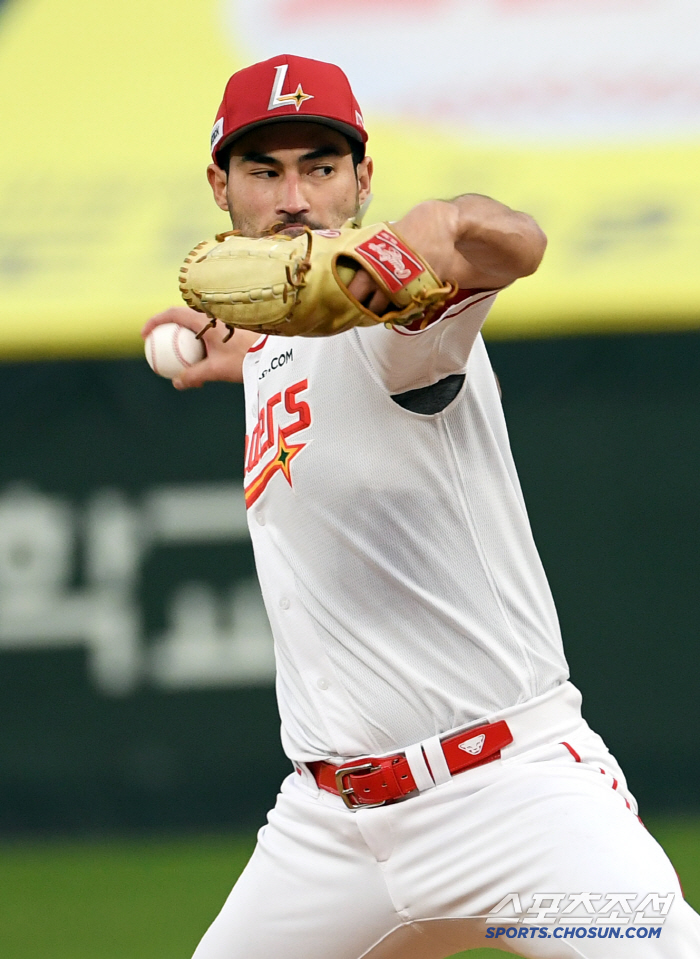 How was the coach's third-generation Korean debut, 155km fastball 8K → breaking ball task 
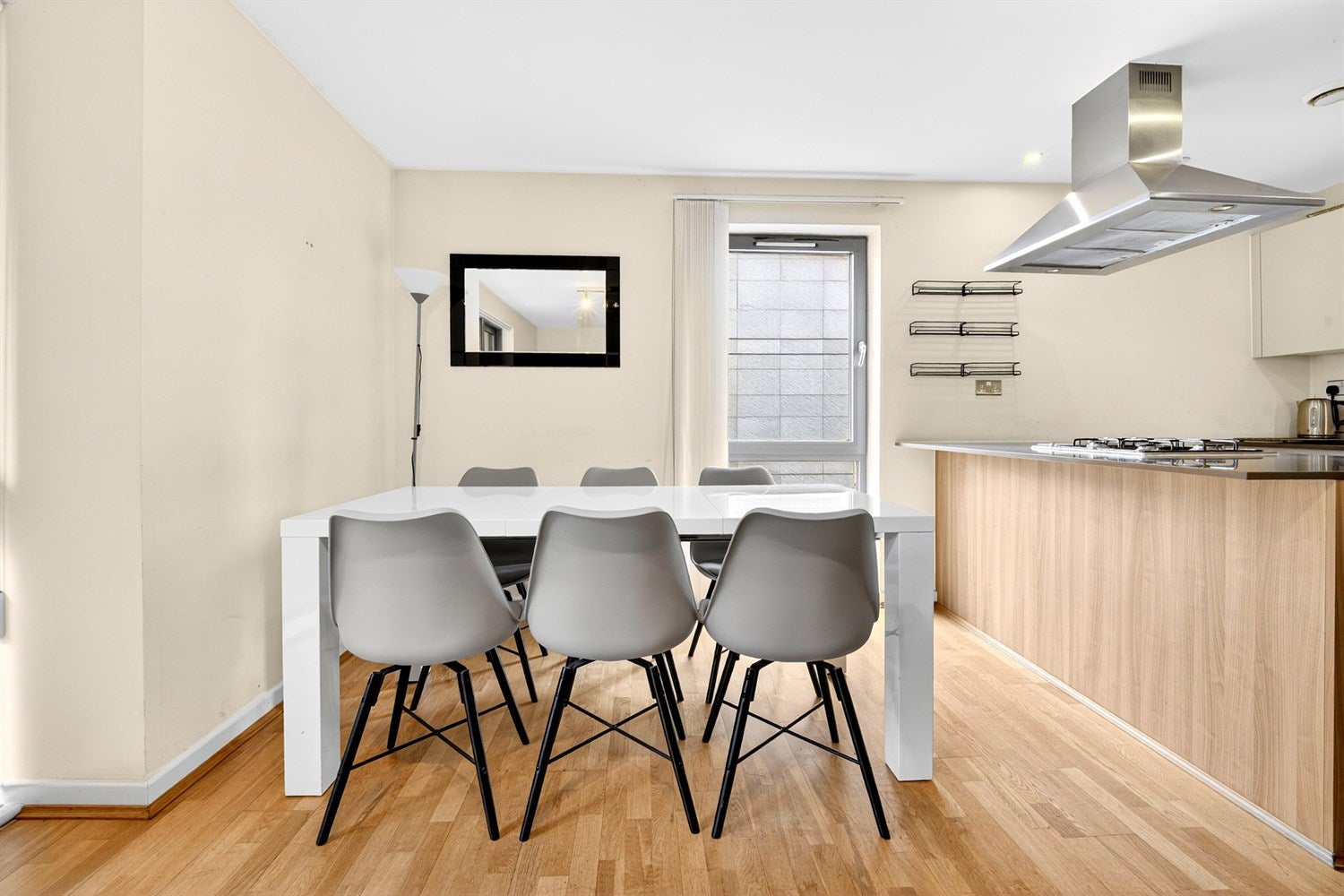 Flat Crowder Street in Greater London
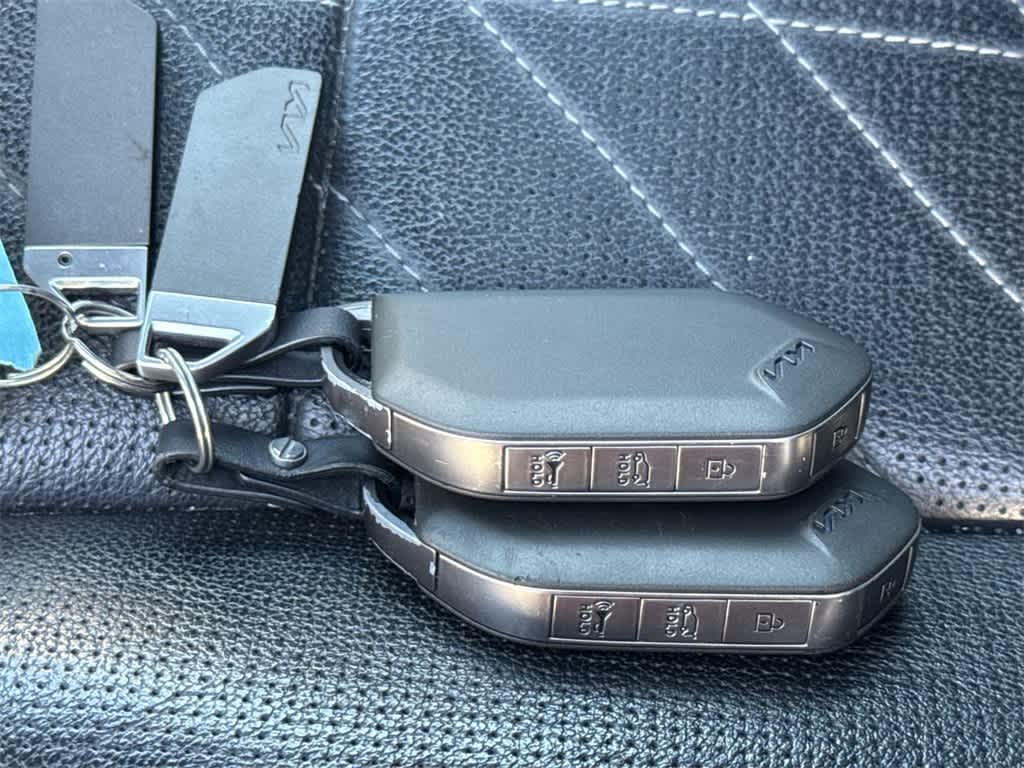 Thumbnail: 2023 Kia Telluride - 22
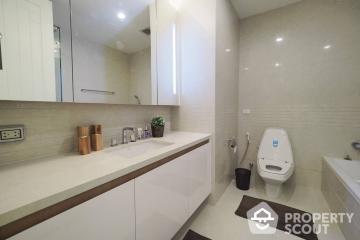 2-BR Condo at Q Langsuan near BTS Ratchadamri (ID 510802)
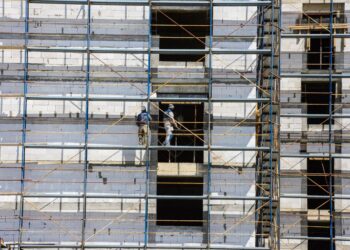 Dy kalimtarë dëmtohen rëndë nga skela e pallatit në Tiranë, polcia jep detajet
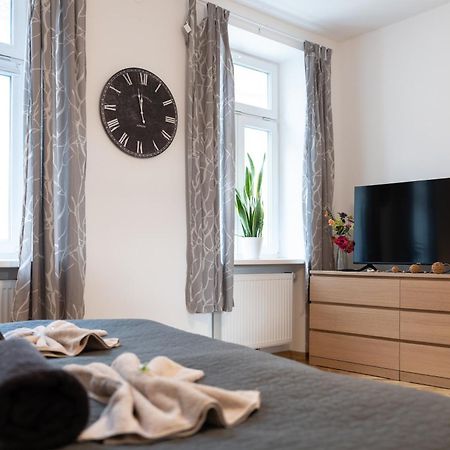 revLIVING Primus und Secundus Eggenburg - Garten - Netflix - Disney Plus - Nespresso Exterior foto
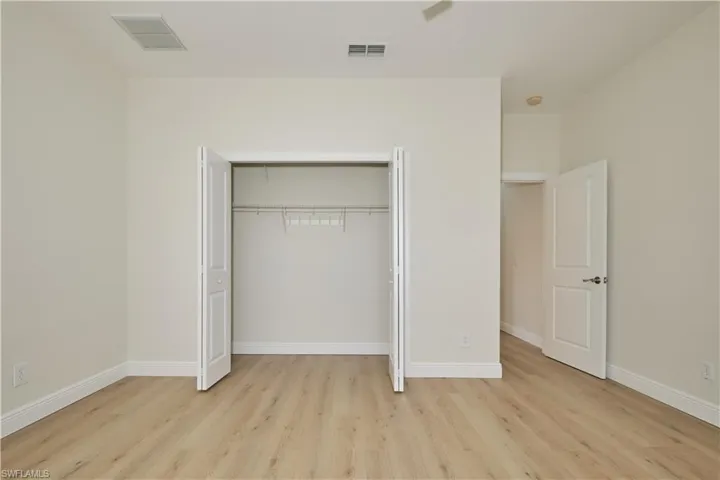 Guest Bedroom w/ensuite also pool bath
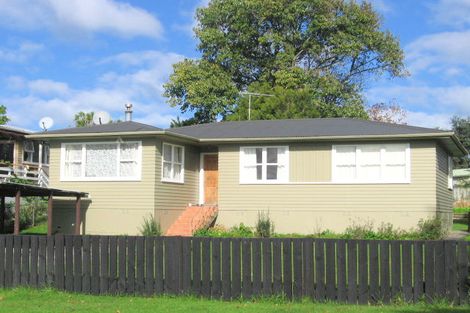 Photo of property in 3 Lendic Avenue, Henderson, Auckland, 0612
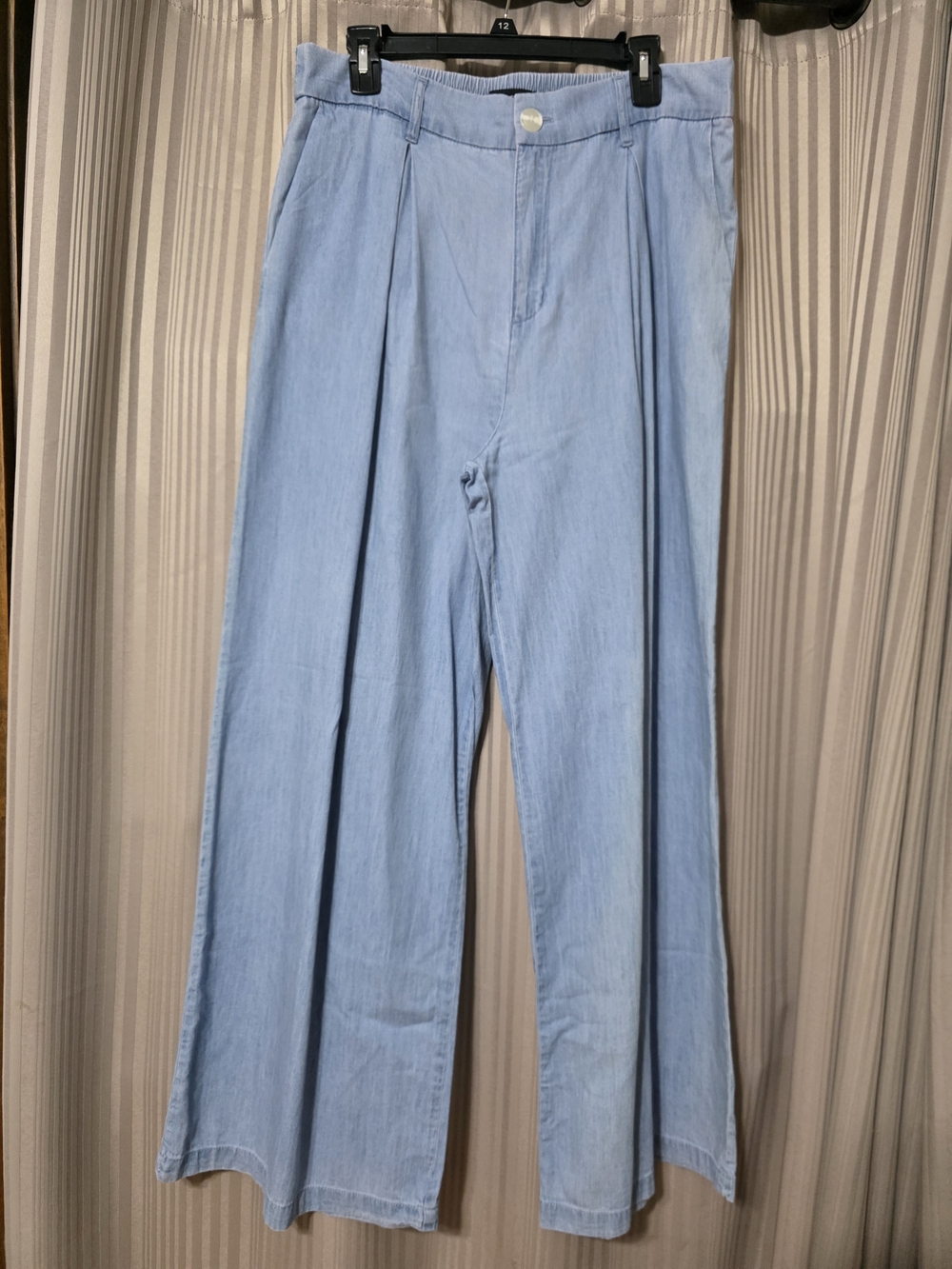 BCBGeneration Light Blue Elastic Waist High-Rise Pants. NWOT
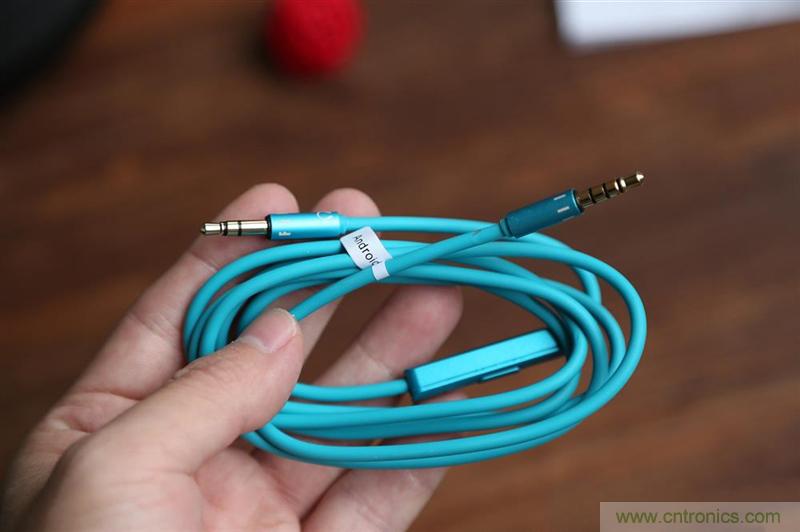 頭條哥的夢(mèng)想之作！FIIL耳機(jī)能讓汪峰上頭條否？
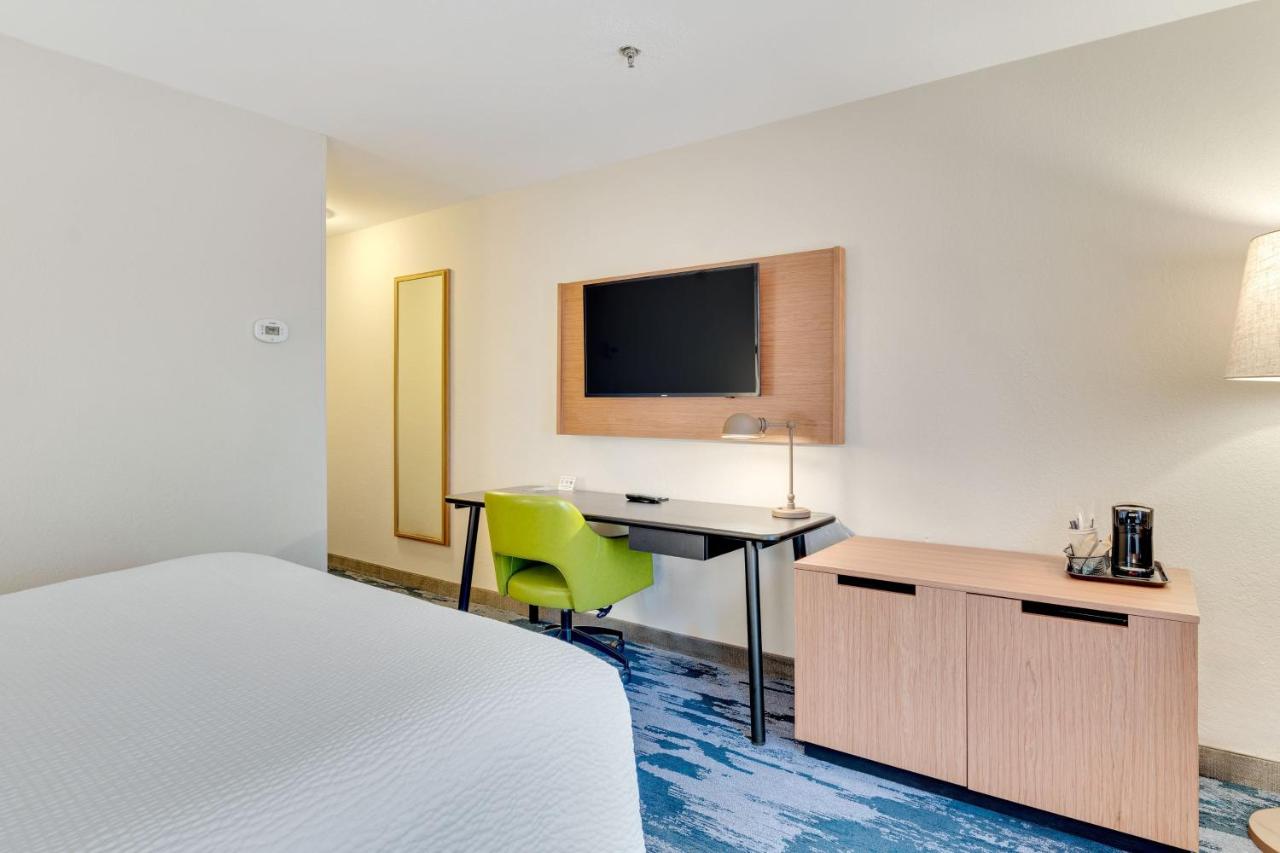 | Fairfield Inn & Suites Fredericksburg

───

[Exercise details] Without the pictures, return the whole of the data exactly as given.

[Response to the exercise]
 How was the coach's third-generation Korean debut, 155km fastball 8K → breaking ball task 
 Flat Crowder Street in Greater London
 Thumbnail: 2023 Kia Telluride - 22
 2-BR Condo at Q Langsuan near BTS Ratchadamri (ID 510802)
 Dy kalimtarë dëmtohen rëndë nga skela e pallatit në Tiranë, polcia jep detajet
 revLIVING Primus und Secundus Eggenburg - Garten - Netflix - Disney Plus - Nespresso Exterior foto
 Guest Bedroom w/ensuite also pool bath
 Photo of property in 3 Lendic Avenue, Henderson, Auckland, 0612
 BCBGeneration Light Blue Elastic Waist High-Rise Pants. NWOT
 頭條哥的夢(mèng)想之作！FIIL耳機(jī)能讓汪峰上頭條否？
 | Fairfield Inn & Suites Fredericksburg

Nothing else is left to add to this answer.